WHAT IS EXPECTED: Only the lines below from the one with "Аренда остановочного комлекса" through the one with "2024 Kia Sportage" are to be written out, exactly and without any images.

RECORDED DATA:
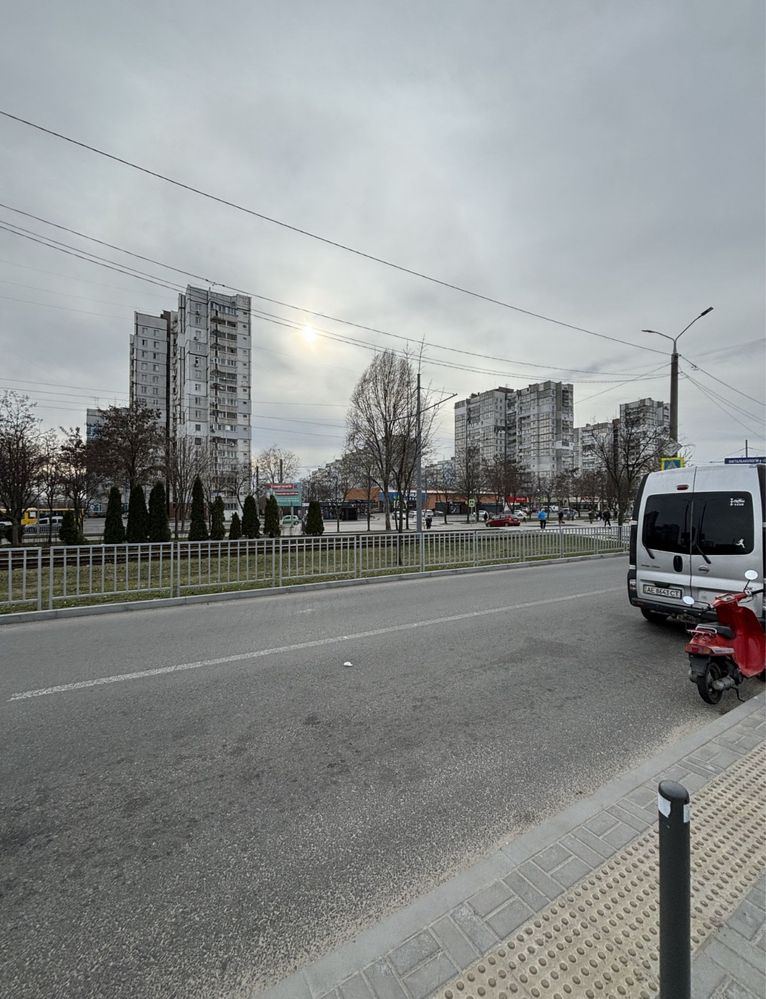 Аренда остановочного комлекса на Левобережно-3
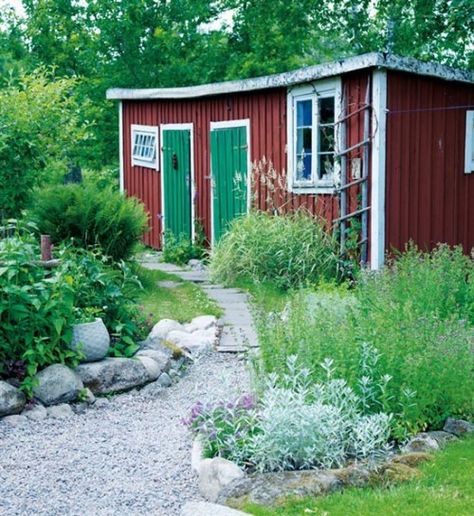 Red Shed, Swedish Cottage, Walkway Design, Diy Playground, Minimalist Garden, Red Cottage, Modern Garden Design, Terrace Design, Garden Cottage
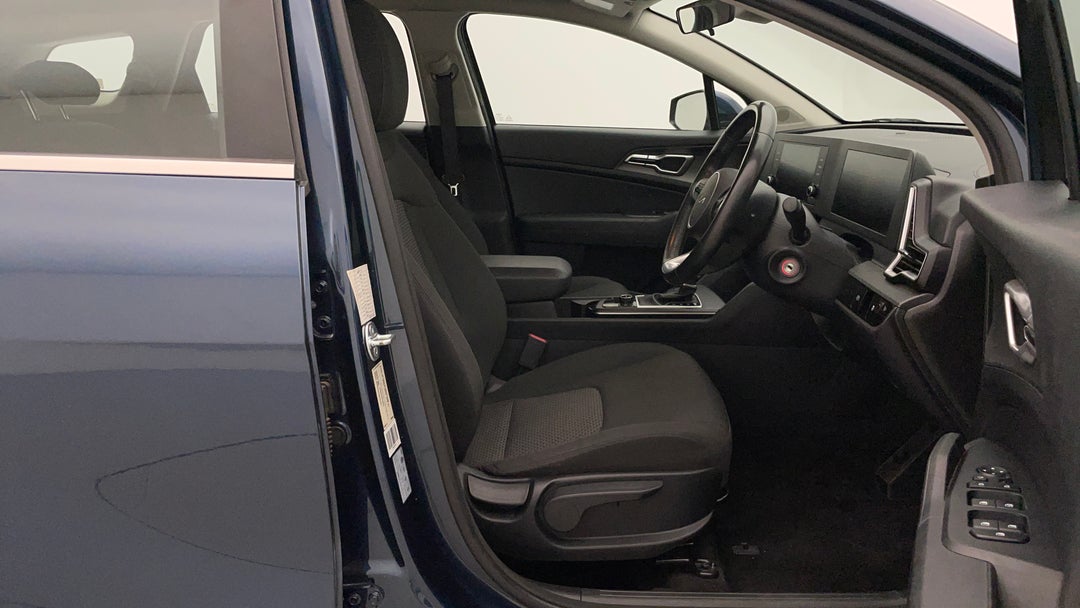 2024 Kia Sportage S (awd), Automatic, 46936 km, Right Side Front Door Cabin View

---

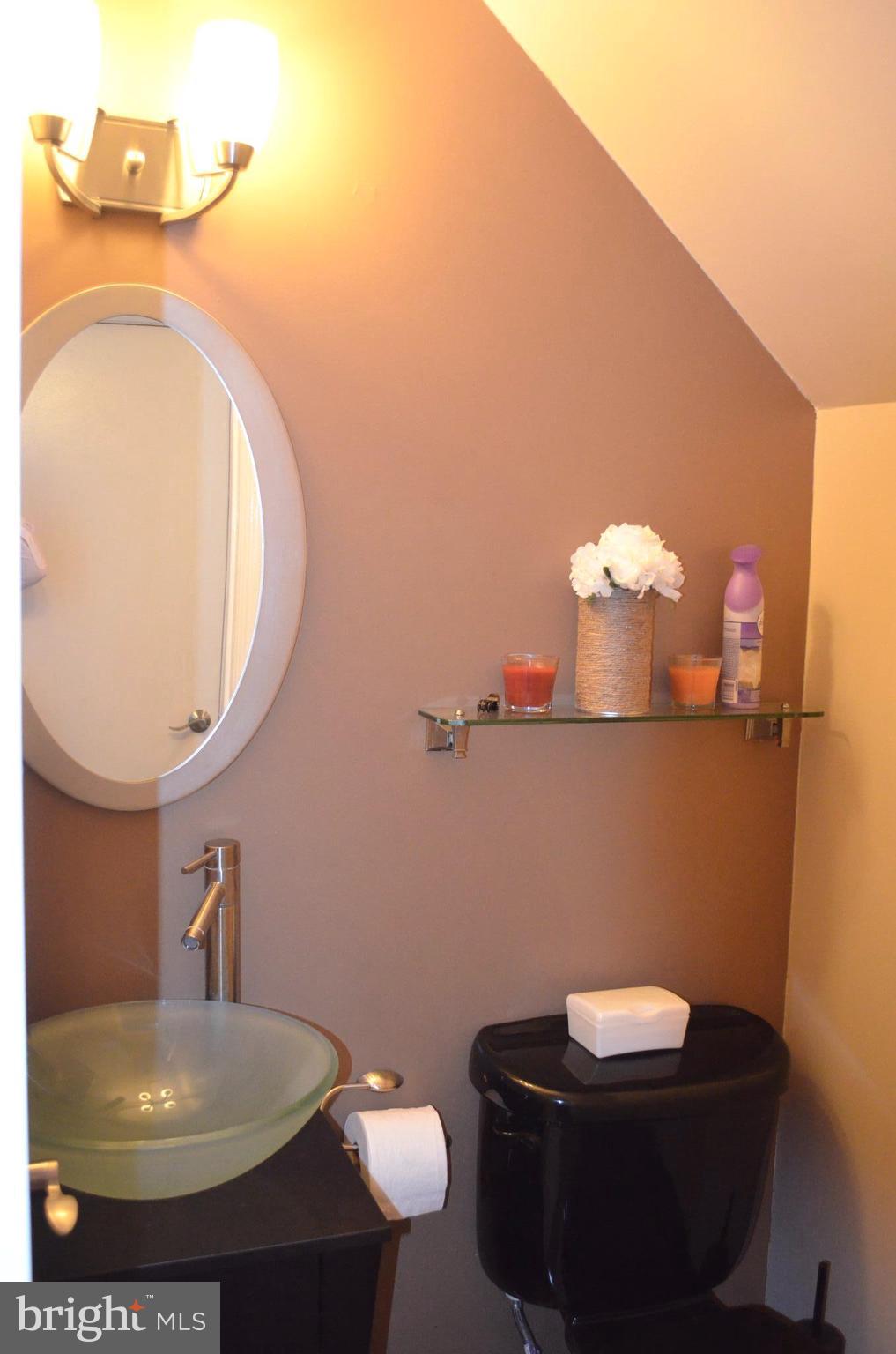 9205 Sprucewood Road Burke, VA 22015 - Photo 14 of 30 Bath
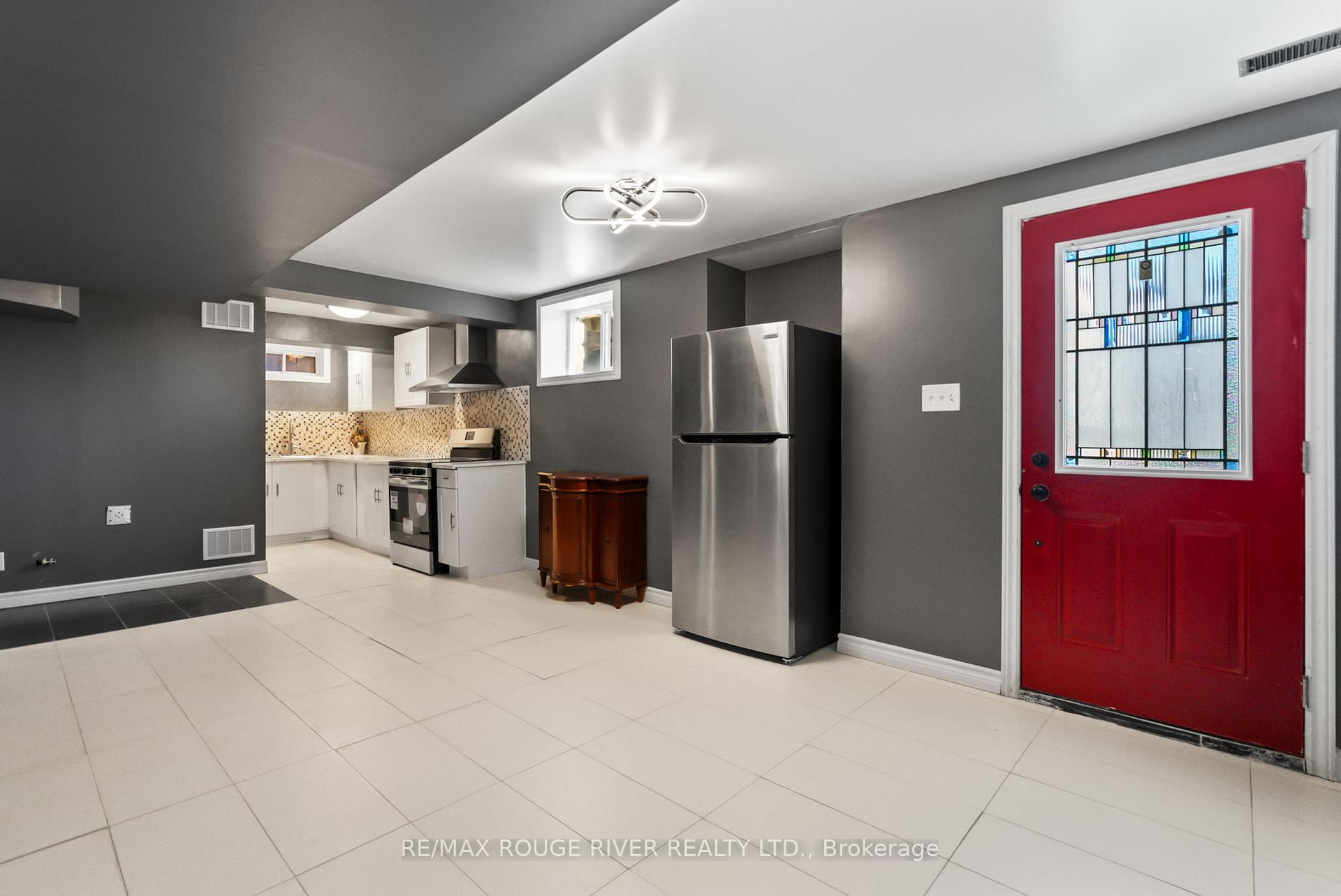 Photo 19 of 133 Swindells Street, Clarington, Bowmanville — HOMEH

* * *

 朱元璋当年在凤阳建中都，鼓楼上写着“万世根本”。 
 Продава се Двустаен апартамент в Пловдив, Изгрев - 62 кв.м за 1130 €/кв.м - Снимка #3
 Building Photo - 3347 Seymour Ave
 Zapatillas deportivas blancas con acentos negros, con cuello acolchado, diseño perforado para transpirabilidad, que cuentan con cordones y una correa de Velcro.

ANSWER SECTION:
 Аренда остановочного комлекса на Левобережно-3
 Red Shed, Swedish Cottage, Walkway Design, Diy Playground, Minimalist Garden, Red Cottage, Modern Garden Design, Terrace Design, Garden Cottage
 2024 Kia Sportage S (awd), Automatic, 46936 km, Right Side Front Door Cabin View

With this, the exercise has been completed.